Without leaving out a single line, copy the records exactly.

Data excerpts
::::
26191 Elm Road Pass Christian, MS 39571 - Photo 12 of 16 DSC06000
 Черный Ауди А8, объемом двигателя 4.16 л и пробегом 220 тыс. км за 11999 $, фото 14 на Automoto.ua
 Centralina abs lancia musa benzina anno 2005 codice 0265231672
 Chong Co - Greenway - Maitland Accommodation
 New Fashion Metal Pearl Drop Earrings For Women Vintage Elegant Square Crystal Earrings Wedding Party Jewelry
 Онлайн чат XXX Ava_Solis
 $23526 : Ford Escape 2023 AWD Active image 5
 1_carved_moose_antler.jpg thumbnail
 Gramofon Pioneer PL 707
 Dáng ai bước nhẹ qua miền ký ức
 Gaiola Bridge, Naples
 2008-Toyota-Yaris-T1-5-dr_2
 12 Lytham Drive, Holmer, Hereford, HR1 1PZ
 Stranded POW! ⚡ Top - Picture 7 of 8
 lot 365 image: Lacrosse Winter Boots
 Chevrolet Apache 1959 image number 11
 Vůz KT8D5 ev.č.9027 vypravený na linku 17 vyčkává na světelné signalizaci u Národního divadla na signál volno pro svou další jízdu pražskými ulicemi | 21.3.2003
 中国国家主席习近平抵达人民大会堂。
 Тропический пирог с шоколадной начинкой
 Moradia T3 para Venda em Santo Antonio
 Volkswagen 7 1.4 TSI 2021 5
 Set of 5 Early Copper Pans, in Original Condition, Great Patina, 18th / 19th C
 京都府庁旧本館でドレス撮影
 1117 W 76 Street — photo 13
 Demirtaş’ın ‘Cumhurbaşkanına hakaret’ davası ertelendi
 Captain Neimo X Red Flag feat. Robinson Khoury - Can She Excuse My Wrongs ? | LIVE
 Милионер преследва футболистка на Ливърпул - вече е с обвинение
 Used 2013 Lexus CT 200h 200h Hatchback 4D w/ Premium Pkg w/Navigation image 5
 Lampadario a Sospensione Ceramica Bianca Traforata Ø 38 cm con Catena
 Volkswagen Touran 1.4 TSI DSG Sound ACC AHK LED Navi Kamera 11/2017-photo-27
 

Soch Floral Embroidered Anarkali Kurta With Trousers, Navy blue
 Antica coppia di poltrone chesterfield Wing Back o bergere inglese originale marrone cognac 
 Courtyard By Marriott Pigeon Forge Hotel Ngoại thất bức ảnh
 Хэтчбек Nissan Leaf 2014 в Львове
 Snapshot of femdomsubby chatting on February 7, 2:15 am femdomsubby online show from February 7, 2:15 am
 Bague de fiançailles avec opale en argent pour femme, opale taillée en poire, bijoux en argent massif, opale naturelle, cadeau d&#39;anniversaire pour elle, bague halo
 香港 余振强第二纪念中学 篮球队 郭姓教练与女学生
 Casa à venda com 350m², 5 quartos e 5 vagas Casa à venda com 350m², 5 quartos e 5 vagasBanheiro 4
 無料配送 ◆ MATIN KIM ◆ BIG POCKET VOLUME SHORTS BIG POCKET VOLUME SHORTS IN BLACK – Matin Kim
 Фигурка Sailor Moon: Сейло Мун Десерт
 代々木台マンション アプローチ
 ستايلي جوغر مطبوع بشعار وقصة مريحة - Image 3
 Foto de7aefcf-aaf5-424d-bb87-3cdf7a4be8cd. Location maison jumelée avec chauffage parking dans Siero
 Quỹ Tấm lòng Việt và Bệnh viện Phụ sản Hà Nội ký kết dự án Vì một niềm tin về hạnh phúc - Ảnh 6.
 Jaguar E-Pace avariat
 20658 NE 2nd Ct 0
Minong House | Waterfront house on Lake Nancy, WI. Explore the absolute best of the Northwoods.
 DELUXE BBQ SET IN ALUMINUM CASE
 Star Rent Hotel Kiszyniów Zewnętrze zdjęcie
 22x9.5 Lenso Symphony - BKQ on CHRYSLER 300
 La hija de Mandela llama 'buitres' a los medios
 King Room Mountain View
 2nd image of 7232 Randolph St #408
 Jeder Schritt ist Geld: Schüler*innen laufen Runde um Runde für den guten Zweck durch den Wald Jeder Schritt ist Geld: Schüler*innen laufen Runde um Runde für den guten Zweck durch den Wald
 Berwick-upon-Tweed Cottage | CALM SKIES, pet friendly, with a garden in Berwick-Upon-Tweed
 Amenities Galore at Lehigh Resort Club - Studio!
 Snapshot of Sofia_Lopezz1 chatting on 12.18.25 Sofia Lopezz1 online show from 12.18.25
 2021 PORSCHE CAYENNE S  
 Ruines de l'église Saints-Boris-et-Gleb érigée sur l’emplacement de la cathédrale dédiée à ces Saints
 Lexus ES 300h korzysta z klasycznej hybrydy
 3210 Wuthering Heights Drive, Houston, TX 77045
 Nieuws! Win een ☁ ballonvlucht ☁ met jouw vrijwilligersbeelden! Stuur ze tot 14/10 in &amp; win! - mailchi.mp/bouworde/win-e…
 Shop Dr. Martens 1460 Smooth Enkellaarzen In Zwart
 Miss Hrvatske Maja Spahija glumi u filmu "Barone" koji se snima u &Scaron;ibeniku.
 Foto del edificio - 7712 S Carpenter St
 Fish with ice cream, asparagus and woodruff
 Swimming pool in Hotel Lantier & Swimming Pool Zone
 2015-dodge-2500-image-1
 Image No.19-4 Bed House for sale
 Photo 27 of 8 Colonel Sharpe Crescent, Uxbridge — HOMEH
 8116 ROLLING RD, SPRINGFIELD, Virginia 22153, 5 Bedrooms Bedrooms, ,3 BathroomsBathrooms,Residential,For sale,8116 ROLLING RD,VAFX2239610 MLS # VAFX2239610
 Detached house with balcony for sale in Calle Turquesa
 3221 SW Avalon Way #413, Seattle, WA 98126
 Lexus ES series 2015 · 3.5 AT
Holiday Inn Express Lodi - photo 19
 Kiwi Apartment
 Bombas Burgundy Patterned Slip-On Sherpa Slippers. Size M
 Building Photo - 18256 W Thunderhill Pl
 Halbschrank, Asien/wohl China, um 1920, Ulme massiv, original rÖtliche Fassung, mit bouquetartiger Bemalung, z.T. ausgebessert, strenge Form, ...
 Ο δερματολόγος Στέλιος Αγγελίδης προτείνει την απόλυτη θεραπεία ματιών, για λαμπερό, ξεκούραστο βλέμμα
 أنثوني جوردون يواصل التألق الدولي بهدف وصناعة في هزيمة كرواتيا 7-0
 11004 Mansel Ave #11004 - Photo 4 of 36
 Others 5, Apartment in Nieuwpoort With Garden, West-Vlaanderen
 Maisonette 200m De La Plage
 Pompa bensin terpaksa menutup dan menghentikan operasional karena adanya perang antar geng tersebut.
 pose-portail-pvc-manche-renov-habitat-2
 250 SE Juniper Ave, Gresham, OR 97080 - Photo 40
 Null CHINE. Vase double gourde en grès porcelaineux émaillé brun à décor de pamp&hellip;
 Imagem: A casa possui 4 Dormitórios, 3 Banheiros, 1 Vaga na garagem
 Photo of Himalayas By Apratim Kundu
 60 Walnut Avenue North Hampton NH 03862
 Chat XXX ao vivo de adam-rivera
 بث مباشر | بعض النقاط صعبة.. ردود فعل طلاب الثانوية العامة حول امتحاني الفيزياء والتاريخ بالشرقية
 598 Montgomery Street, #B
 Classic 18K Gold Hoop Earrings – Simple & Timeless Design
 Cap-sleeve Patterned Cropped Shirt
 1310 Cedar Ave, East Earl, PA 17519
::::
Written answer:
26191 Elm Road Pass Christian, MS 39571 - Photo 12 of 16 DSC06000
 Черный Ауди А8, объемом двигателя 4.16 л и пробегом 220 тыс. км за 11999 $, фото 14 на Automoto.ua
 Centralina abs lancia musa benzina anno 2005 codice 0265231672
 Chong Co - Greenway - Maitland Accommodation
 New Fashion Metal Pearl Drop Earrings For Women Vintage Elegant Square Crystal Earrings Wedding Party Jewelry
 Онлайн чат XXX Ava_Solis
 $23526 : Ford Escape 2023 AWD Active image 5
 1_carved_moose_antler.jpg thumbnail
 Gramofon Pioneer PL 707
 Dáng ai bước nhẹ qua miền ký ức
 Gaiola Bridge, Naples
 2008-Toyota-Yaris-T1-5-dr_2
 12 Lytham Drive, Holmer, Hereford, HR1 1PZ
 Stranded POW! ⚡ Top - Picture 7 of 8
 lot 365 image: Lacrosse Winter Boots
 Chevrolet Apache 1959 image number 11
 Vůz KT8D5 ev.č.9027 vypravený na linku 17 vyčkává na světelné signalizaci u Národního divadla na signál volno pro svou další jízdu pražskými ulicemi | 21.3.2003
 中国国家主席习近平抵达人民大会堂。
 Тропический пирог с шоколадной начинкой
 Moradia T3 para Venda em Santo Antonio
 Volkswagen 7 1.4 TSI 2021 5
 Set of 5 Early Copper Pans, in Original Condition, Great Patina, 18th / 19th C
 京都府庁旧本館でドレス撮影
 1117 W 76 Street — photo 13
 Demirtaş’ın ‘Cumhurbaşkanına hakaret’ davası ertelendi
 Captain Neimo X Red Flag feat. Robinson Khoury - Can She Excuse My Wrongs ? | LIVE
 Милионер преследва футболистка на Ливърпул - вече е с обвинение
 Used 2013 Lexus CT 200h 200h Hatchback 4D w/ Premium Pkg w/Navigation image 5
 Lampadario a Sospensione Ceramica Bianca Traforata Ø 38 cm con Catena
 Volkswagen Touran 1.4 TSI DSG Sound ACC AHK LED Navi Kamera 11/2017-photo-27
 

Soch Floral Embroidered Anarkali Kurta With Trousers, Navy blue
 Antica coppia di poltrone chesterfield Wing Back o bergere inglese originale marrone cognac 
 Courtyard By Marriott Pigeon Forge Hotel Ngoại thất bức ảnh
 Хэтчбек Nissan Leaf 2014 в Львове
 Snapshot of femdomsubby chatting on February 7, 2:15 am femdomsubby online show from February 7, 2:15 am
 Bague de fiançailles avec opale en argent pour femme, opale taillée en poire, bijoux en argent massif, opale naturelle, cadeau d&#39;anniversaire pour elle, bague halo
 香港 余振强第二纪念中学 篮球队 郭姓教练与女学生
 Casa à venda com 350m², 5 quartos e 5 vagas Casa à venda com 350m², 5 quartos e 5 vagasBanheiro 4
 無料配送 ◆ MATIN KIM ◆ BIG POCKET VOLUME SHORTS BIG POCKET VOLUME SHORTS IN BLACK – Matin Kim
 Фигурка Sailor Moon: Сейло Мун Десерт
 代々木台マンション アプローチ
 ستايلي جوغر مطبوع بشعار وقصة مريحة - Image 3
 Foto de7aefcf-aaf5-424d-bb87-3cdf7a4be8cd. Location maison jumelée avec chauffage parking dans Siero
 Quỹ Tấm lòng Việt và Bệnh viện Phụ sản Hà Nội ký kết dự án Vì một niềm tin về hạnh phúc - Ảnh 6.
 Jaguar E-Pace avariat
 20658 NE 2nd Ct 0
Minong House | Waterfront house on Lake Nancy, WI. Explore the absolute best of the Northwoods.
 DELUXE BBQ SET IN ALUMINUM CASE
 Star Rent Hotel Kiszyniów Zewnętrze zdjęcie
 22x9.5 Lenso Symphony - BKQ on CHRYSLER 300
 La hija de Mandela llama 'buitres' a los medios
 King Room Mountain View
 2nd image of 7232 Randolph St #408
 Jeder Schritt ist Geld: Schüler*innen laufen Runde um Runde für den guten Zweck durch den Wald Jeder Schritt ist Geld: Schüler*innen laufen Runde um Runde für den guten Zweck durch den Wald
 Berwick-upon-Tweed Cottage | CALM SKIES, pet friendly, with a garden in Berwick-Upon-Tweed
 Amenities Galore at Lehigh Resort Club - Studio!
 Snapshot of Sofia_Lopezz1 chatting on 12.18.25 Sofia Lopezz1 online show from 12.18.25
 2021 PORSCHE CAYENNE S  
 Ruines de l'église Saints-Boris-et-Gleb érigée sur l’emplacement de la cathédrale dédiée à ces Saints
 Lexus ES 300h korzysta z klasycznej hybrydy
 3210 Wuthering Heights Drive, Houston, TX 77045
 Nieuws! Win een ☁ ballonvlucht ☁ met jouw vrijwilligersbeelden! Stuur ze tot 14/10 in &amp; win! - mailchi.mp/bouworde/win-e…
 Shop Dr. Martens 1460 Smooth Enkellaarzen In Zwart
 Miss Hrvatske Maja Spahija glumi u filmu "Barone" koji se snima u &Scaron;ibeniku.
 Foto del edificio - 7712 S Carpenter St
 Fish with ice cream, asparagus and woodruff
 Swimming pool in Hotel Lantier & Swimming Pool Zone
 2015-dodge-2500-image-1
 Image No.19-4 Bed House for sale
 Photo 27 of 8 Colonel Sharpe Crescent, Uxbridge — HOMEH
 8116 ROLLING RD, SPRINGFIELD, Virginia 22153, 5 Bedrooms Bedrooms, ,3 BathroomsBathrooms,Residential,For sale,8116 ROLLING RD,VAFX2239610 MLS # VAFX2239610
 Detached house with balcony for sale in Calle Turquesa
 3221 SW Avalon Way #413, Seattle, WA 98126
 Lexus ES series 2015 · 3.5 AT
Holiday Inn Express Lodi - photo 19
 Kiwi Apartment
 Bombas Burgundy Patterned Slip-On Sherpa Slippers. Size M
 Building Photo - 18256 W Thunderhill Pl
 Halbschrank, Asien/wohl China, um 1920, Ulme massiv, original rÖtliche Fassung, mit bouquetartiger Bemalung, z.T. ausgebessert, strenge Form, ...
 Ο δερματολόγος Στέλιος Αγγελίδης προτείνει την απόλυτη θεραπεία ματιών, για λαμπερό, ξεκούραστο βλέμμα
 أنثوني جوردون يواصل التألق الدولي بهدف وصناعة في هزيمة كرواتيا 7-0
 11004 Mansel Ave #11004 - Photo 4 of 36
 Others 5, Apartment in Nieuwpoort With Garden, West-Vlaanderen
 Maisonette 200m De La Plage
 Pompa bensin terpaksa menutup dan menghentikan operasional karena adanya perang antar geng tersebut.
 pose-portail-pvc-manche-renov-habitat-2
 250 SE Juniper Ave, Gresham, OR 97080 - Photo 40
 Null CHINE. Vase double gourde en grès porcelaineux émaillé brun à décor de pamp&hellip;
 Imagem: A casa possui 4 Dormitórios, 3 Banheiros, 1 Vaga na garagem
 Photo of Himalayas By Apratim Kundu
 60 Walnut Avenue North Hampton NH 03862
 Chat XXX ao vivo de adam-rivera
 بث مباشر | بعض النقاط صعبة.. ردود فعل طلاب الثانوية العامة حول امتحاني الفيزياء والتاريخ بالشرقية
 598 Montgomery Street, #B
 Classic 18K Gold Hoop Earrings – Simple & Timeless Design
 Cap-sleeve Patterned Cropped Shirt
 1310 Cedar Ave, East Earl, PA 17519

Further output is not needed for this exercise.